Introduction

What is Lightsaber

Lightsaber is an extensible training framework which provides blueprints for the development of disease progression models (DPM). It is designed ground up using state-of-the art open source tools to provide a simple, modular, and unified model training framework to support some of the common use cases for DPM. Lightsaber contains four key modules that aim to promote reuse and standardization of DPM model training workflow as below:

Data ingestion modules to support standardized methods of ingesting and transforming raw data (containing extracted features and target values).
Model Trainers to support standardized training of DPM models by adopting the best practices as default
Experiment Management to ensure repeatable experimentation and standardized reporting via:
- metrics to calculate DPM problem specific model evaluation, and
- in-built Model tracking and support for post-hoc model evaluation.
Experimental Framework exposing user friendly state-of-the art tools for hyper-parameter tunings and distributed computing

Currently, Lightsaber supports classification (one or multi-class) use cases for DPM, including support for imbalanced learning problems that are common in DPM. In addition, Lightsaber also comes pre-packaged with a set of state-of-the-art model implementations (such as RNN and MLP with sane defaults) and components (such as feed-forward block and residual blocks).

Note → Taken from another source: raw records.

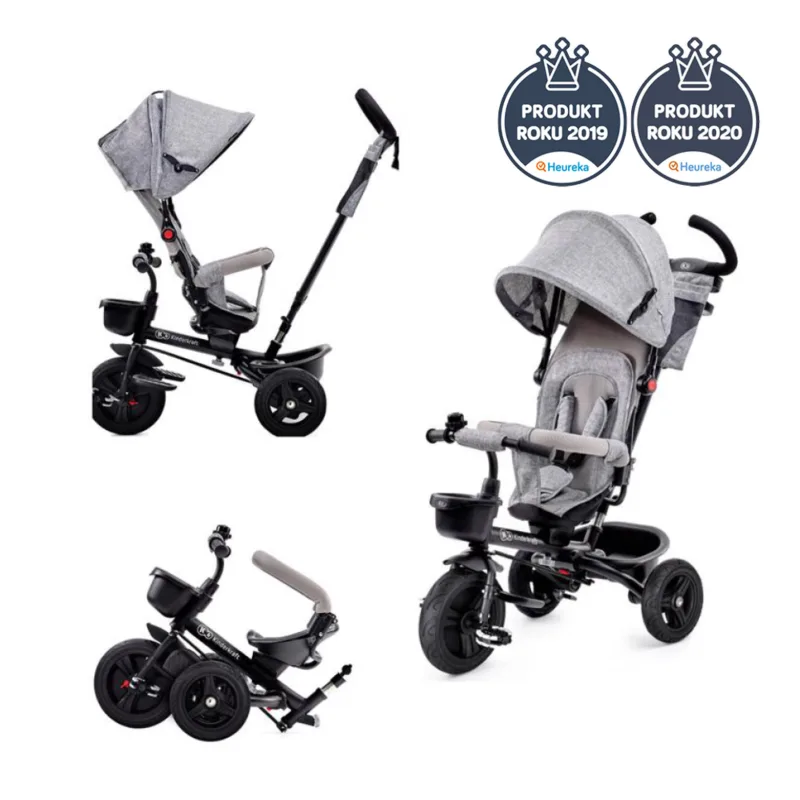 Trojkolka Kinderkraft Aveo - Grey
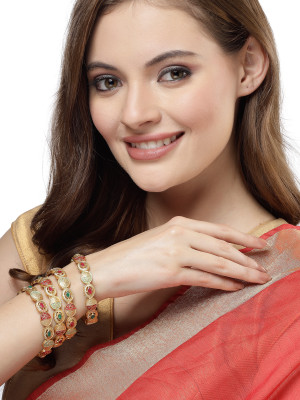 Sukkhi Alloy Gold-plated Bangle Set(Pack of 4)
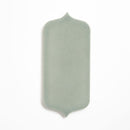 Verdant Crackled Tear Field Ceramic Tile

Lightsaber components are designed such that a user can be use these, either independently or all of these in the recommended manner (See Getting started guide), to train and define DPM models. Lightsaber follows a batteries included approach such that the modeler can focus only on developing the logic of their model and let Lightsaber handle the rest. More specifically, Lightsaber aims to augment, and not substitute, the modeler's current workflow and supports model definitions/workflows around:

scikit-learn [1] compliant models: for classical models
pytorch [2] compliant models: for general purpose models, including deep learning models.

To summarize, it is thus an opinionated take on how DPM model development should be conducted by providing with a unified core to abstract and standardize out the engineering, evaluation, model training, and model tracking to support: (a) reproducible research, (b) accelerate model development, and (c) standardize model deployment.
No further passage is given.